Experience Mathematics #13 - The cartesian society in Hilbert Hotel

A set S is countable if it can be put in one-to-one correspondence with $N$. Suppose that you are the manager of the Hilbert Hotel, a hotel with a countable number of rooms. Now, even though the hotel is full, when $200$ new guests arrive after lunch at the Restaurant at the End of the Universe, you can accommodate them. All you have to do is to move the guests in Room $1$ to Room $201$, the guests in Room $2$ to Room $202$, etc. In other words, you will move the guests in Room $n$ to Room $200+n$.

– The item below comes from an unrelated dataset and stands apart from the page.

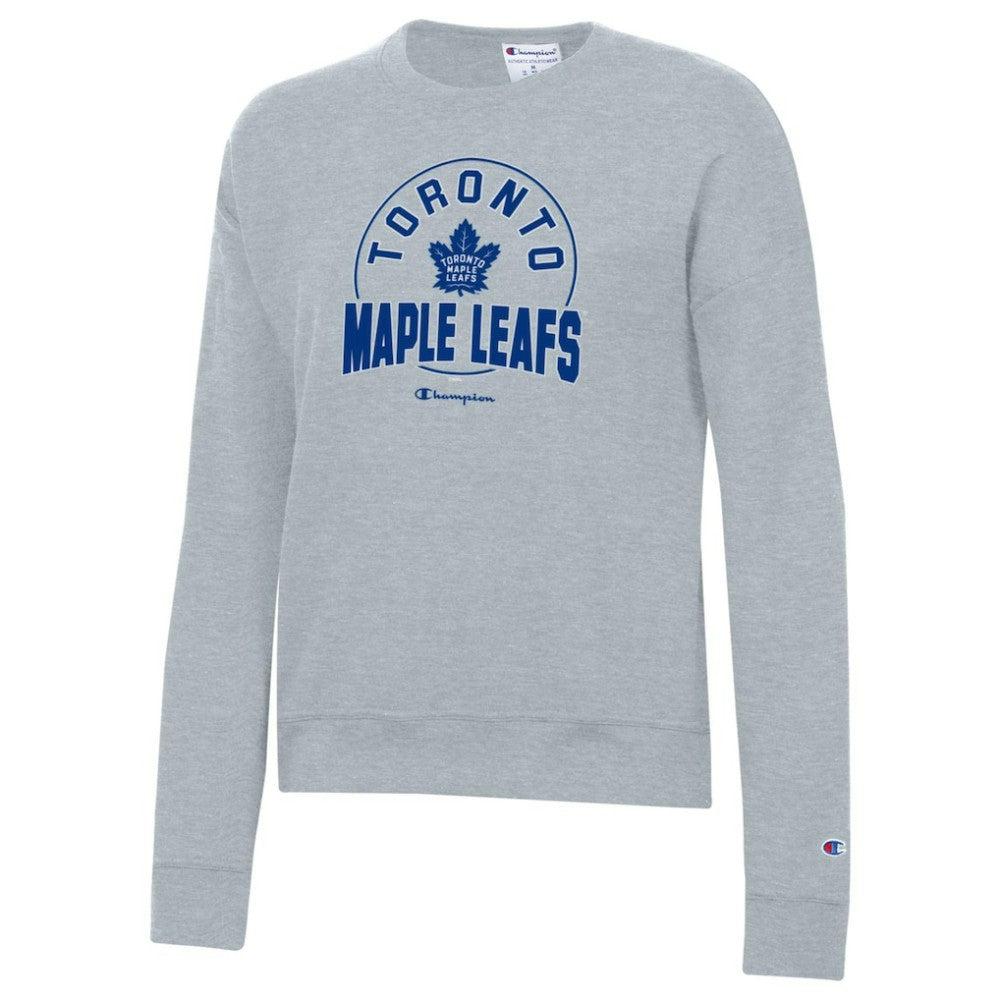 Toronto Maple Leafs Champion Women's Powerblend Pullover Sweatshirt - Gray | NHL discount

Now, suppose the hotel is empty. The members of the Cartesian Society (Motto: We Think, Therefore We Exist!) decide to have a convention. Each member of the Cartesian Society has an identification mark of the form $(a, b)$, where $a$ and $b$ are natural numbers. The chairman of the society is $(1,1)$ and for any two numbers $a$ and $b$, there is a member corresponding to the ordered pair $(a, b)$. Don’t confuse $(2,3)$ with $(3,2)$: they are quite different people. There are many, many members in this society. But all of them can be accommodated in the Hilbert Hotel. Can you find a one-to-one correspondence of the members of the Cartesian Society with the natural numbers?

First write down the ID numbers of all the members of the Cartesian Society in the form of a table. For example, put $(3,5)$ in the third row and the fifth column of the table. Now find a way to “count” them. In other words, assign a natural number to each of them in a systematic fashion.